Wracamy do tematu pożaru w Nowym Lubuszu. Nie milkną głosy mieszkańców, którzy uważają, że z powodu zaniedbań Budimexu, firmy budującej wał przeciwpowodziowy, strażacy mieli utrudniony dojazd do pożaru. Mamy oświadczenie rzecznika prasowego Budimexu.
Przypomnijmy, w 7 marca wieczorem doszło do pożaru w Nowym Lubuszu. Spłonął dom jednorodzinny a mieszkająca tam rodzina straciła dorobek całego życia.
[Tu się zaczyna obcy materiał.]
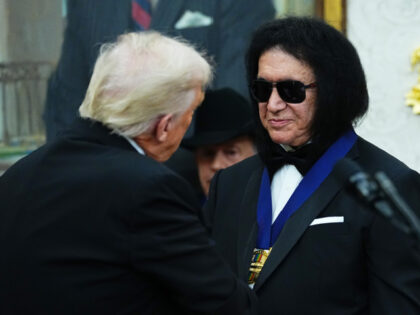 Trump Gives Medallion to Gene Simmons U.S. President Donald Trump (L) presents musician Gene Simmons (R) of the rock band KISS a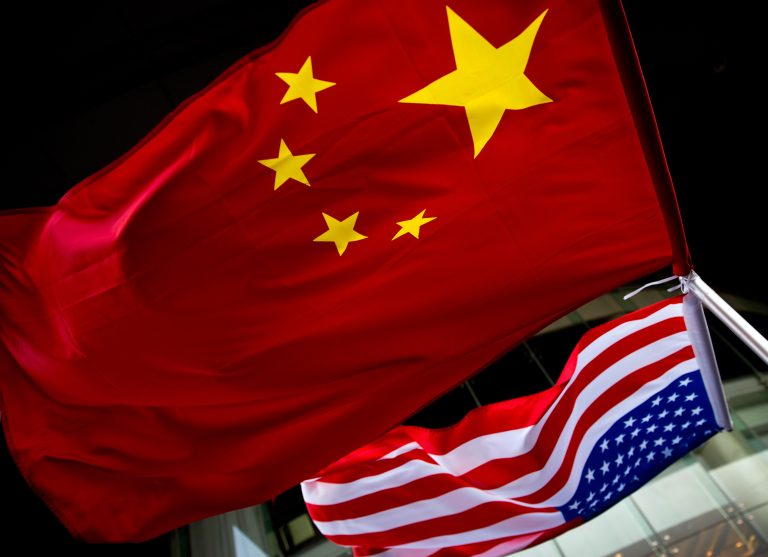 In this Nov. 7, 2012 photo, U.S. and Chinese national flags are hung outside a hotel during the U.S. Presidential election event, organized by the U.S. embassy in Beijing. As public evidence mounts that the Chinese military is responsible for stealing massive amounts of U.S. government data and corporate trade secrets, the Obama administration is eyeing fines and other trade actions it may take against Beijing or any other country guilty of cyberespionage. The Chinese government, meanwhile, has denied involvement in the cyber-attacks tracked by Mandiant. Instead, the Foreign Ministry said that China, too, is a victim of hacking, some of it traced to the U.S. Foreign Ministry spokesman Hong Lei cited a report by an agency under the Ministry of Information Technology and Industry that said in 2012 alone that foreign hackers used viruses and other malicious software to seize control of 1,400 computers in China and 38,000 websites. (AP Photo/Andy Wong)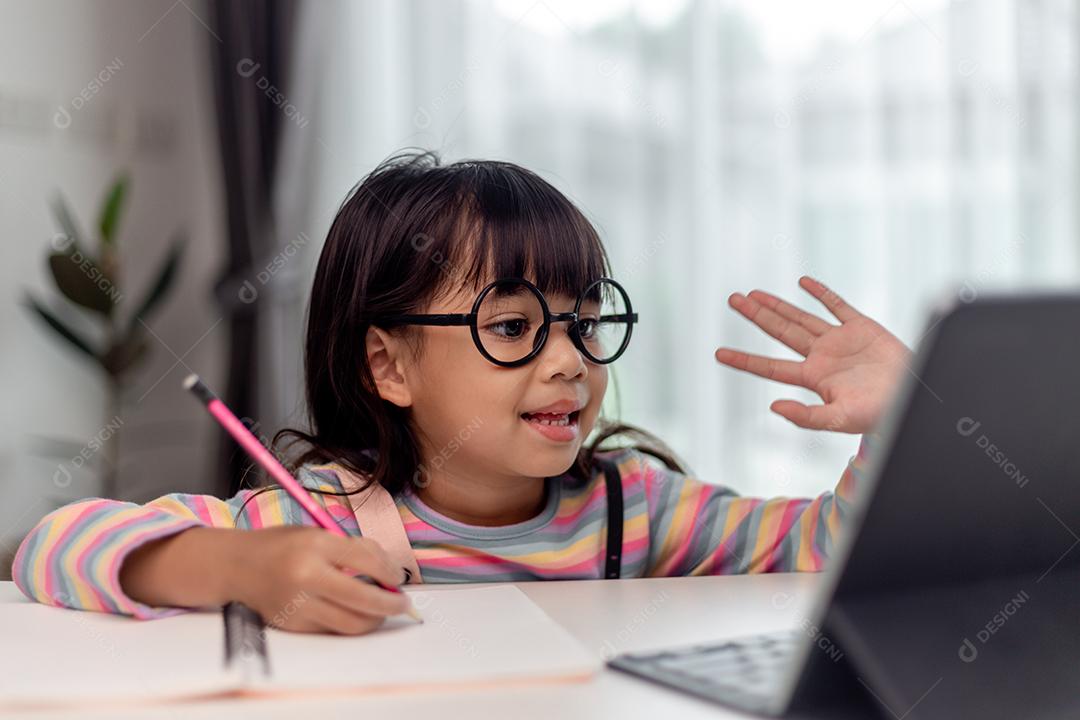 Asian girl taking online class and happy for home school quarantine coranavirus pandemic concept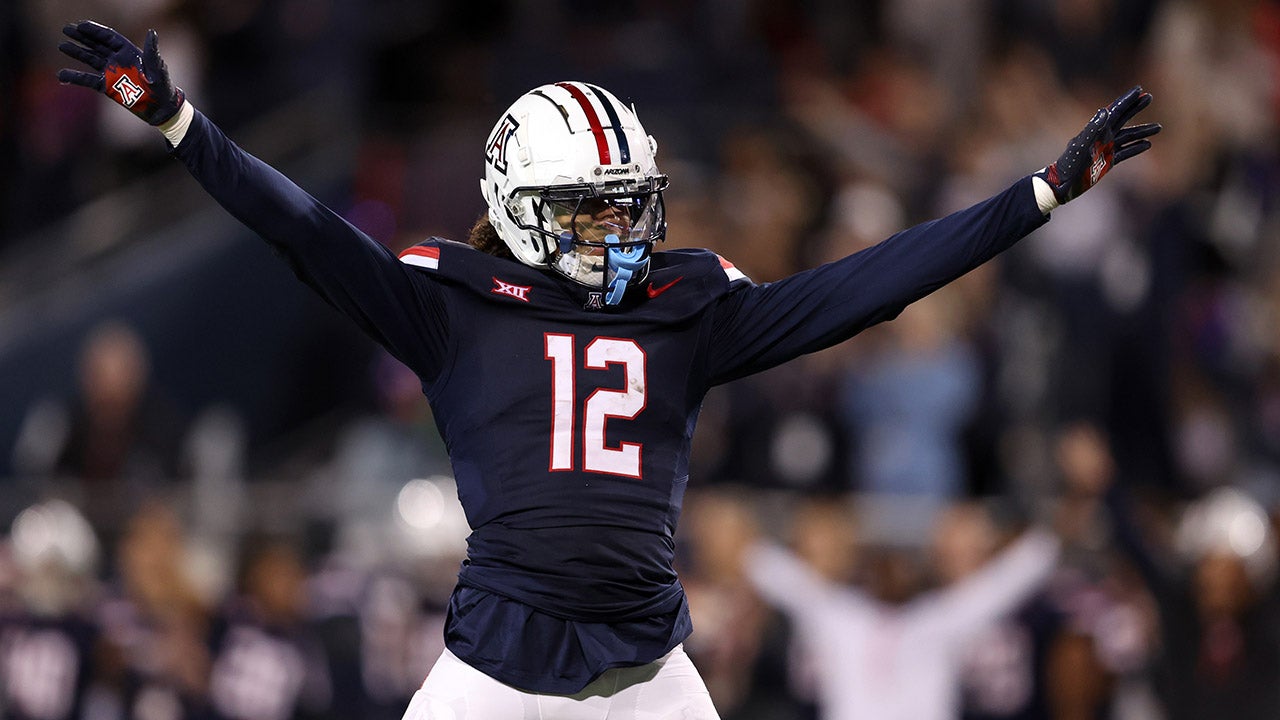 TUCSON, ARIZONA - NOVEMBER 15: Defensive back Genesis Smith #12 of the Arizona Wildcats celebrates after a defensive stop during the second half against the Houston Cougars at Arizona Stadium on November 15, 2024 in Tucson, Arizona. (Photo by Chris Coduto/Getty Images)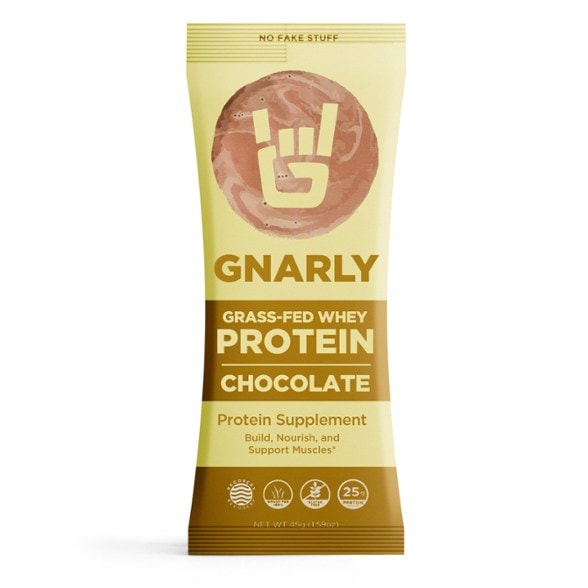 Gnarly Nutrition grass-fed whey protein powder in a scoop, ideal for post workout recovery.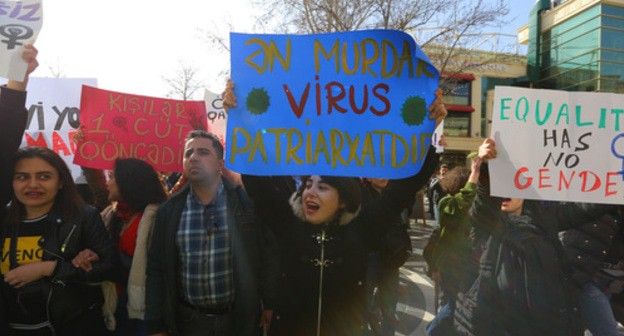 A poster saying, "Patriarchy is the most disgusting virus". Photo by Aziz Karimov for the "Caucasian Knot" A poster saying, "Patriarchy is the most disgusting virus". Photo by Aziz Karimov for the "Caucasian Knot"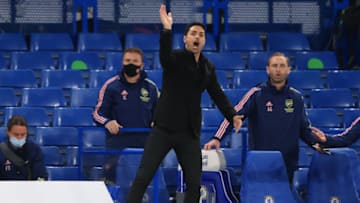 LONDON, ENGLAND - MAY 12: Mikel Arteta, Manager of Arsenal gives his team instructions during the Premier League match between Chelsea and Arsenal at Stamford Bridge on May 12, 2021 in London, England. Sporting stadiums around the UK remain under strict restrictions due to the Coronavirus Pandemic as Government social distancing laws prohibit fans inside venues resulting in games being played behind closed doors. (Photo by Marc Atkins/Getty Images)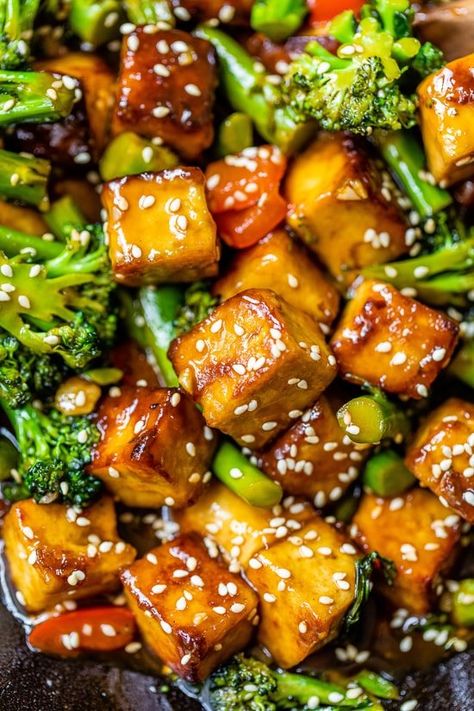 This quick and easy Sesame Soy Tofu Stir Fry is loaded with fresh and colorful vegetables and plant-based protein. #tofu #tofustirfry #plantbased #healthyrecipes #stirfry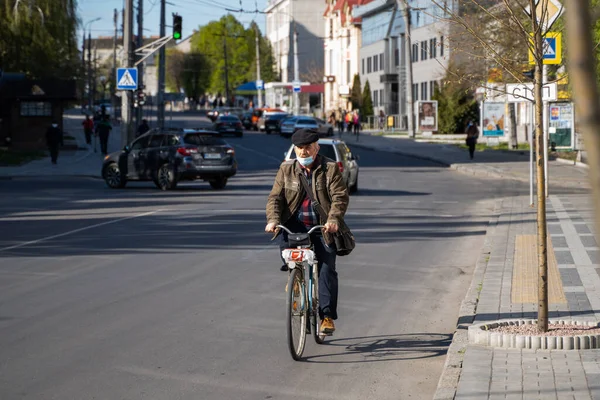 UKRAINE, KIEW - 25. April 2020: Mann mit medizinischer Maske gegen bakterielle Infektion Coronavirus oder Covid 19 Epidemie fährt Fahrrad auf der Straße. — Stockfoto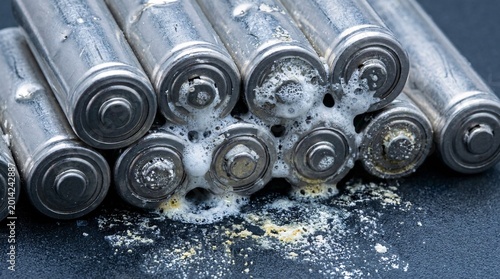 Concept of the dark side of green tech featuring damaged lithium-ion cells with toxic chemical leakage, illustrating EV battery pollution and e-waste management crisis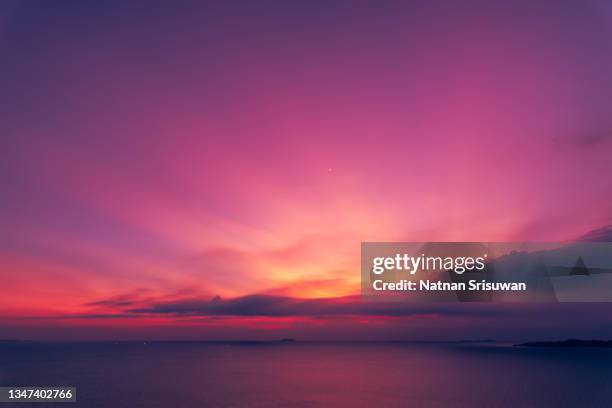 a cloudy and colorful sunset on the ocean - puesta de sol romántica fotografías e imágenes de stock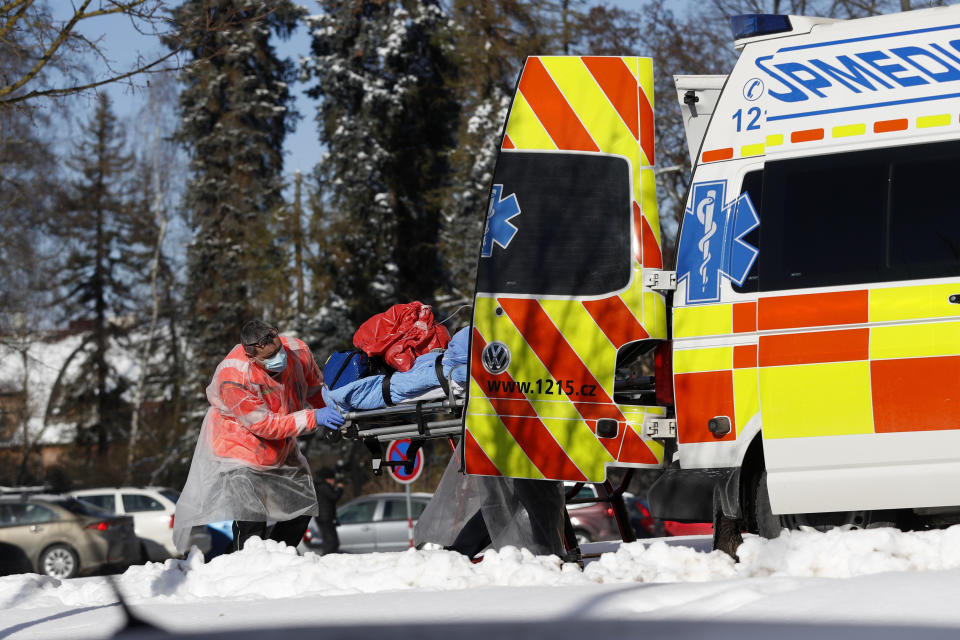 Medical workers move a covid-19 patient at a hospital overrun by the covid pandemic in Cheb, Czech Republic, Friday, Feb. 12, 2021. The Czech government has imposed a complete lockdown of the three hardest-hit counties to help contain the spread of a highly contagious variant of the coronavirus. The meeasures will became effective Friday for the two counties in western Czech Republic on the German border Cheb and Sokolov and another county in the northern part of the country Trutnov located on the border with Poland. (AP Photo/Petr David Josek)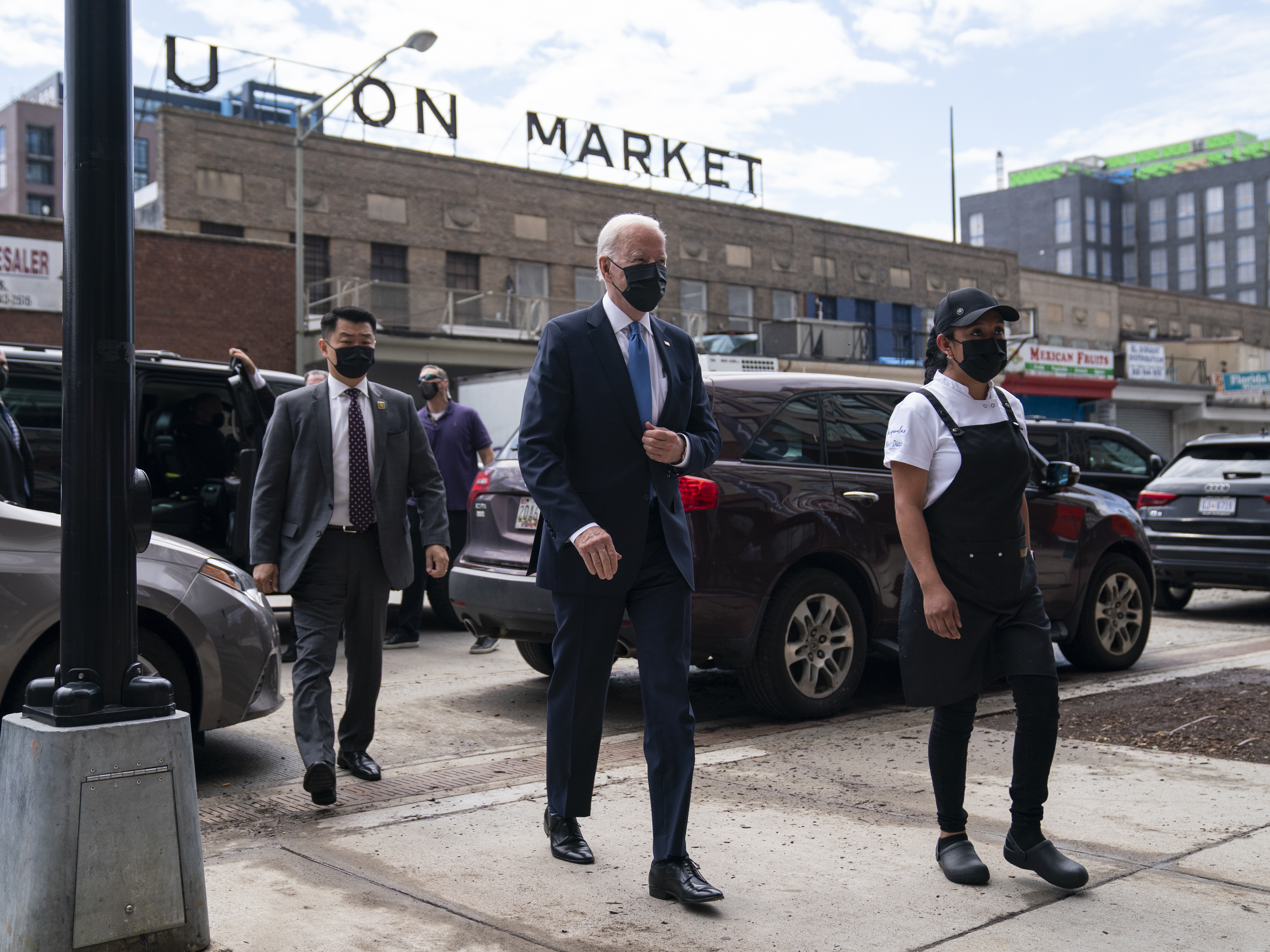 caption: President Biden arrives for a visit to Taqueria Las Gemelas restaurant in Washington as part of the opening of the Restaurant Revitalization Fund, an coronavirus relief effort that opened this week.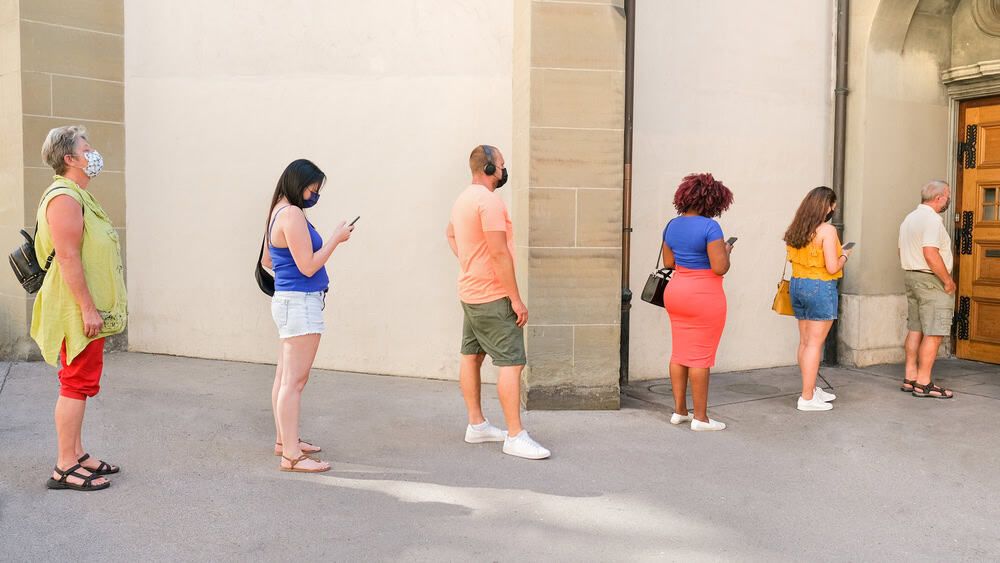 people in a queue with social distancing and wearing protective face masks - Concept of the coronavirus lifestyle and social distancing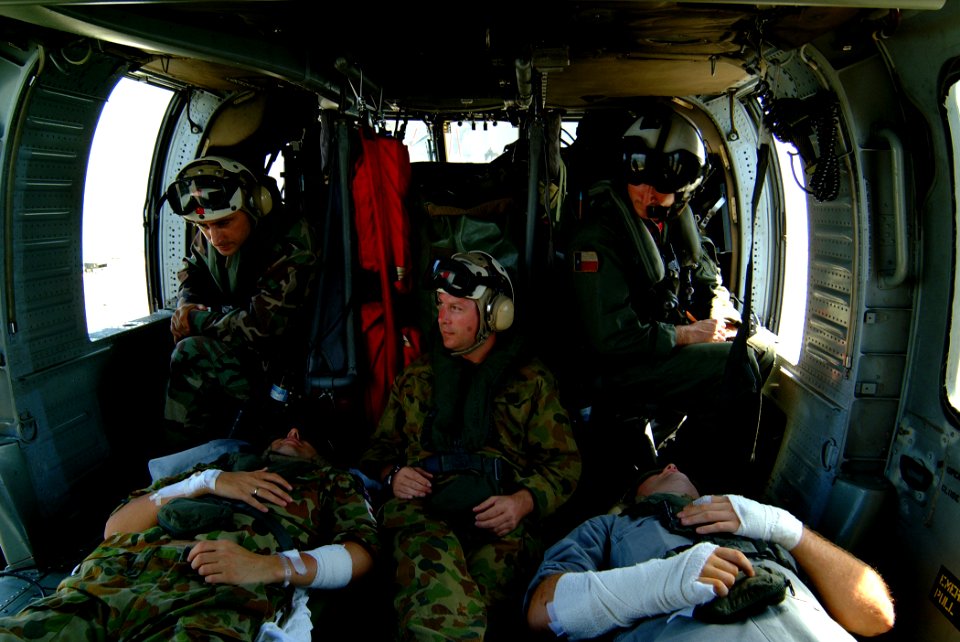 US Navy 050405-N-0357S-009 Air crewman aboard an U.S. Navy MH-60S Seahawk helicopter, makes final preparations for take-off as they monitor their patients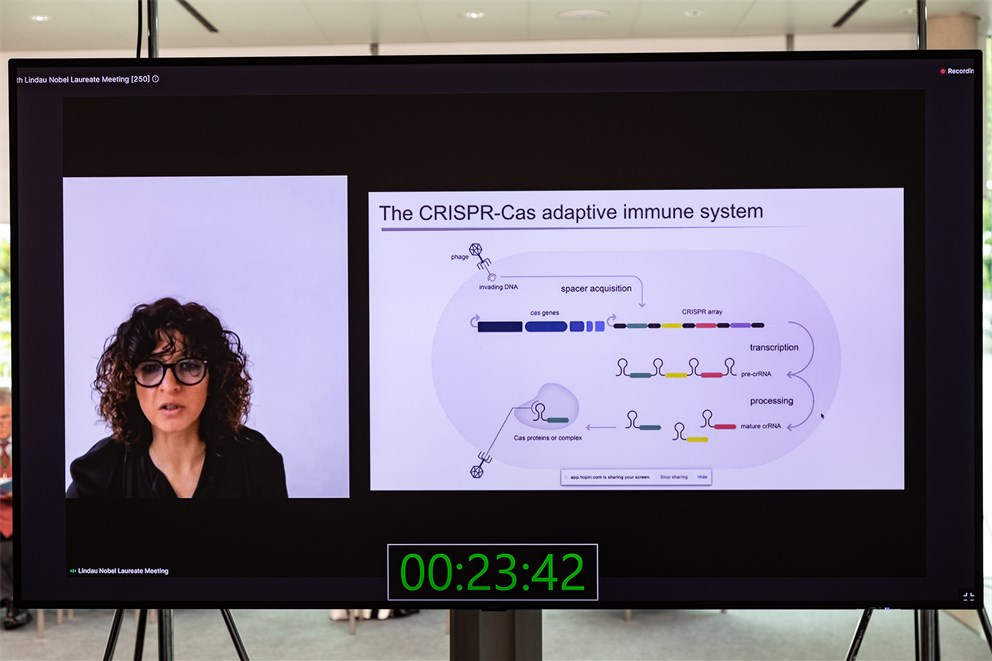 Emmanuelle Charpentier delivering her opening lecture "CRISPR-Cas9: Transforming Life Sciences With Bacteria".
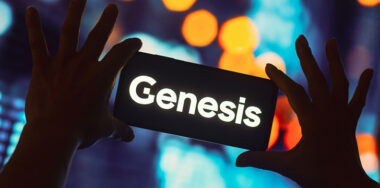 the Genesis Global Trading logo is displayed on a smartphone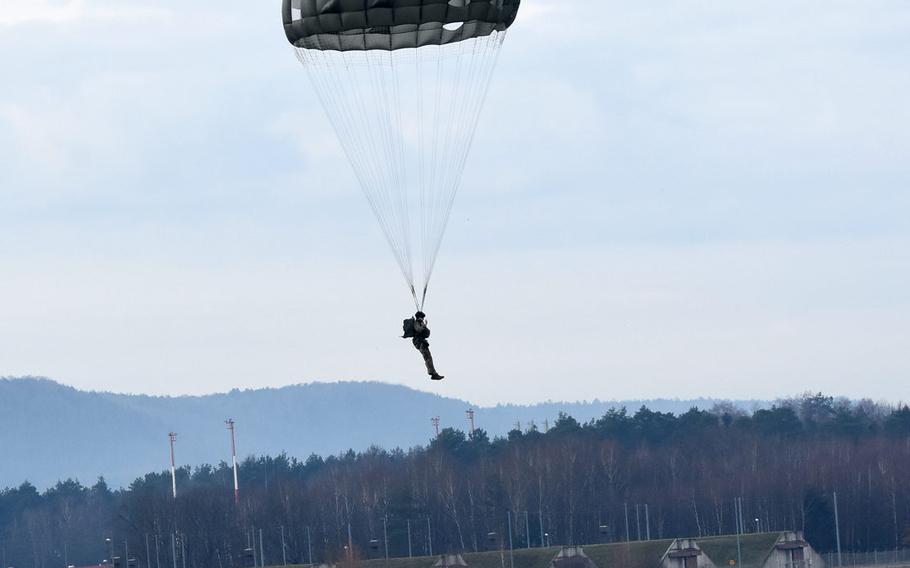 A paratrooper descends onto a grassy area inside the airfield at Ramstein Air Base, Germany, on Thursday, Feb. 18, 2021. Thirty paratroopers from Air Force and Army units in Germany jumped at Ramstein following a short-notice request from the 435th Contingency Response Group to use the airfield after several jumps were canceled due to poor weather and coronavirus restrictions.
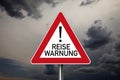 Traffic sign with covid-19 corona virus and the german translation for travel warning - Reisewarnung with dark cloudy sky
Więcej o całym zdarzeniu pisaliśmy TUTAJ.
Mieszkańcy i sołtys Jonatan Stawarski uważają, że gdyby nie zły stan drogi i brak oznakowania, za którego wg nich odpowiada Budimex, straż pożarna byłaby szybciej na miejscu i straty byłyby mniejsze.
Poprosiliśmy firmę o ustosunkowanie się do sprawy. Na nasze pytania odpowiedział Michał Wrzosek, rzecznik prasowy Budimexu. Poniżej jego oświadczenie (treść i pisownia oryginalna).
Droga gminna prowadząca do nieruchomości pod adresem Nowy Lubusz 36 o długości ok 500 m od drogi powiatowej 1299F, była w dniu 7 marca całkowicie przejezdna. Na drodze były ułożone płyty betonowe, na bieżąco naprawiane i czyszczone przez Budimex. Droga była przejezdna dla pojazdu straży pożarnej zarówno od północy (przez budowany wał) i od południa, czyli od strony Słubic. Na drodze tej były prowadzone w tym dniu prace wodociągowe przez inną firmę budowlaną niezależne od prac realizowanych przez Budimex, ale od godzin wieczornych poprzedzających zdarzenie, droga była już całkowicie przejezdna. Jest to normalna droga prowadząca do nieruchomości Nowy Lubusz 36 od wielu lat, nie ma ona charakteru tymczasowego. Według naszych informacji droga była oznakowana przez władze lokalne. W trakcie prowadzenia prac przez Budimex nie ingerował w istniejące tam oznakowanie. Straż Pożarna była poinformowana o wszystkich alternatywnych drogach dojazdowych do posesji Nowy Lubusz 36.
Zapytaliśmy firmę również o to, czy w obecnej sytuacji pomoże pogorzelcom i np. dorzuci się do zbiórki pieniędzy, która została uruchomiona w internecie (więcej TUTAJ). Na to pytanie jednak nie otrzymaliśmy już odpowiedzi.